Collection entries
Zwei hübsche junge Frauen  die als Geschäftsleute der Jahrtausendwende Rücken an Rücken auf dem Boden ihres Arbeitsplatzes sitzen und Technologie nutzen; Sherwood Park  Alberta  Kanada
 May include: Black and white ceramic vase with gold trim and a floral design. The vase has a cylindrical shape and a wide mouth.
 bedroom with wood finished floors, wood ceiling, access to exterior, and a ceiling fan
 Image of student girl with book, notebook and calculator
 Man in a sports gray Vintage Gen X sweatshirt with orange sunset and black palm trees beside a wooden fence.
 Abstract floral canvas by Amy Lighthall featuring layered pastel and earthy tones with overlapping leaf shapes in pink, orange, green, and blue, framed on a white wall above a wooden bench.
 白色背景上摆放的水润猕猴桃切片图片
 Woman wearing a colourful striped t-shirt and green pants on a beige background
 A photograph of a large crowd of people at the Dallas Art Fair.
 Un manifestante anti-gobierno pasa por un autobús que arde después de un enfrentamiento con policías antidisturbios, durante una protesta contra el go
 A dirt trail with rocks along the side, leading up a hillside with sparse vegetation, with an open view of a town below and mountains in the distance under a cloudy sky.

TASK GOAL.
Emit the records above again, exactly, with no line skipped.

RESPONSE TO THE TASK.
Zwei hübsche junge Frauen  die als Geschäftsleute der Jahrtausendwende Rücken an Rücken auf dem Boden ihres Arbeitsplatzes sitzen und Technologie nutzen; Sherwood Park  Alberta  Kanada
 May include: Black and white ceramic vase with gold trim and a floral design. The vase has a cylindrical shape and a wide mouth.
 bedroom with wood finished floors, wood ceiling, access to exterior, and a ceiling fan
 Image of student girl with book, notebook and calculator
 Man in a sports gray Vintage Gen X sweatshirt with orange sunset and black palm trees beside a wooden fence.
 Abstract floral canvas by Amy Lighthall featuring layered pastel and earthy tones with overlapping leaf shapes in pink, orange, green, and blue, framed on a white wall above a wooden bench.
 白色背景上摆放的水润猕猴桃切片图片
 Woman wearing a colourful striped t-shirt and green pants on a beige background
 A photograph of a large crowd of people at the Dallas Art Fair.
 Un manifestante anti-gobierno pasa por un autobús que arde después de un enfrentamiento con policías antidisturbios, durante una protesta contra el go
 A dirt trail with rocks along the side, leading up a hillside with sparse vegetation, with an open view of a town below and mountains in the distance under a cloudy sky.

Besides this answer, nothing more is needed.